I was amused to read of how some think that the court’s decision might result in undermining of (so-called) “economic development.” That ridiculous fear could only have been issued by the most indoctrinated of blithering idiots. As though indigenous peoples haven’t known for millennia how to sustain themselves in what are no doubt sometimes hostile environments, though not so hostile most of the time. Not so hostile when generations have learned and then passed down ways and means by which to cope with and then live in accordance with a variety of planetary environments, the Amazon being but one among many.
Environments where people lived pretty much free of mental disorders requiring medications, which is to say not the New York Stock Exchange, and not Neiman Marcus or Wal-Mart, the first or the second depending on social status. And without newspapers and TV, never mind internet dating.
I don’t Romanticize in the least since it’s only we who are more “advanced” who do that, not they who do that. Indigenous peoples never think and never thought Romantically, only really. What we’ve long thought “progress” has resulted only in ruin. Much of that the result of passed-down ideology that promotes and celebrates individual ego, as more “advanced” cultures failed and keep on failing to understand that there could never be the individual outside of the collective. Collective is home, stomping ground. Place where to be and to live. Not where to be to indoctrinated and then incur debt.

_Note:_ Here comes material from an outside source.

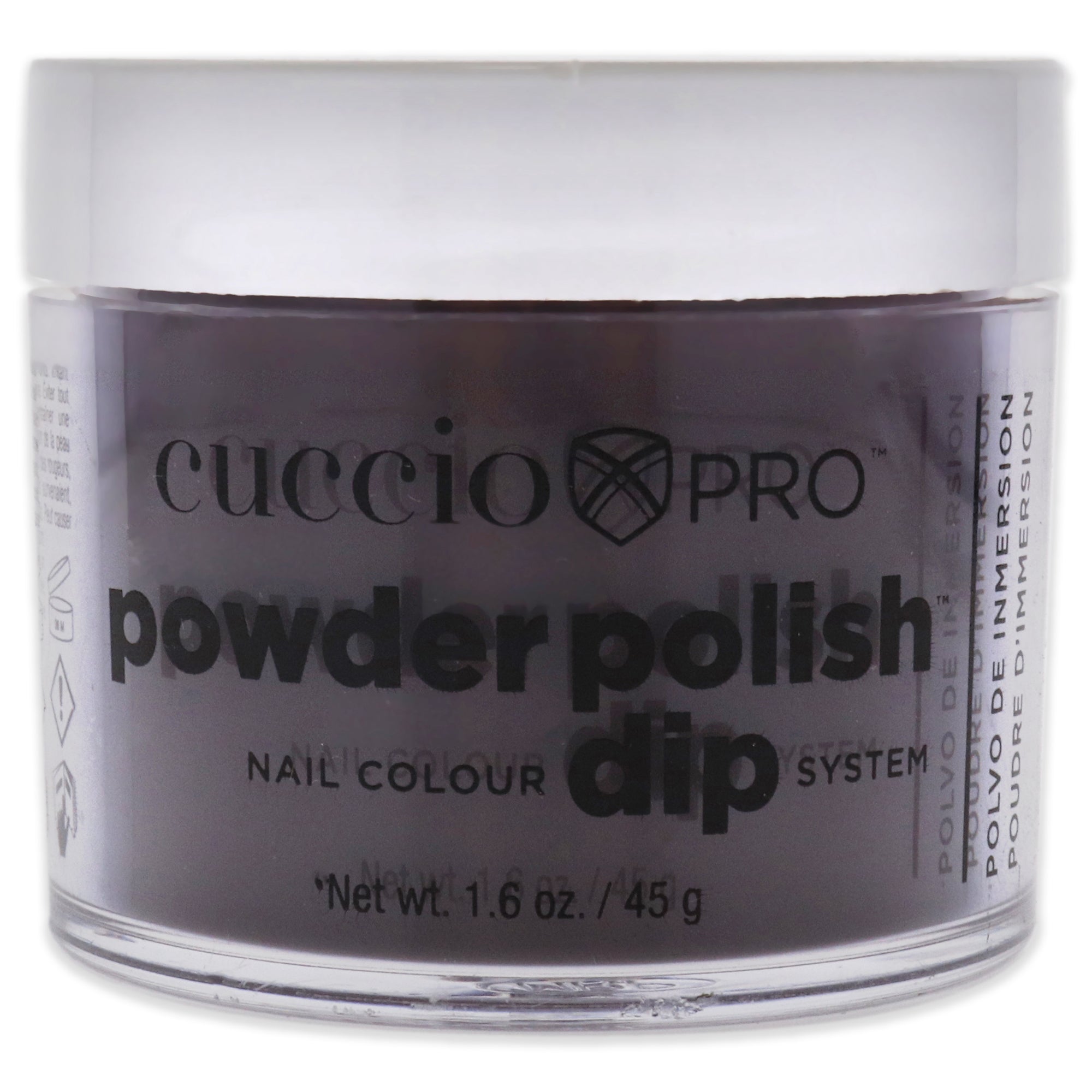 Pro Powder Polish Nail Colour Dip System - Be Current by Cuccio Pro for Women - 1.6 oz Nail Powder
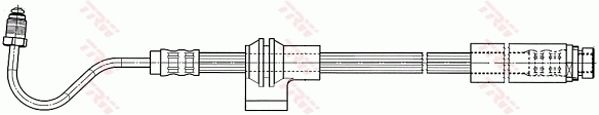 TRW PHD561 Brake Hose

Western idea of “economic development” has only ever amounted to fascist enslavement, not to mention ongoing, also fascistic, exploitation of the planet. By now to the point of no turning back. Damage has already been done. Is still being done. “Civilized” humankind has treated and still regards the planet the same as themselves—as means to just slightly squeaky ends. Not too much all at once. But chisel away at a piece of stone a little at a time for long enough…? Stone disappears no less than had it been blown to pieces all at once right upfront.
We are such CHISELERS! Recall Say’s Law. We chisel and chisel, forever thinking that it’s just a little chiseling. Just a little cheating. Then locate a big-time chiseler so that small-time chiseling appears even less. Lately, the Governor of Illinois, more decried for his stupidity in committing crime than for committing crime.
But for this little piece of Amazon paradise reported on here. Apparently (hopefully when decision is finalized), for now spared the ravages of capitalist-individualist, chiseling savagery, compared to which minor skirmishes that always happened too among indigenous peoples were quaint. Perfection is unattainable, which is no reason to forego trying altogether. Please, no mention of how all is a function of “human nature.” Such belief is part and parcel of ideology that justifies such belief.
I love this good-news story because living proof that what is believed “human nature,” and then circularly used to bolster belief in that notion of “human nature,” ain’t (human nature).
Report thisBy samosamo, December 11, 2008 at 1:41 am #
A final act of bravery that could save something important but the silence is mighty deafening as it appears to be a case of ‘you gave the native indians what?!’ as if they don’t deserve anything. Hope it holds up.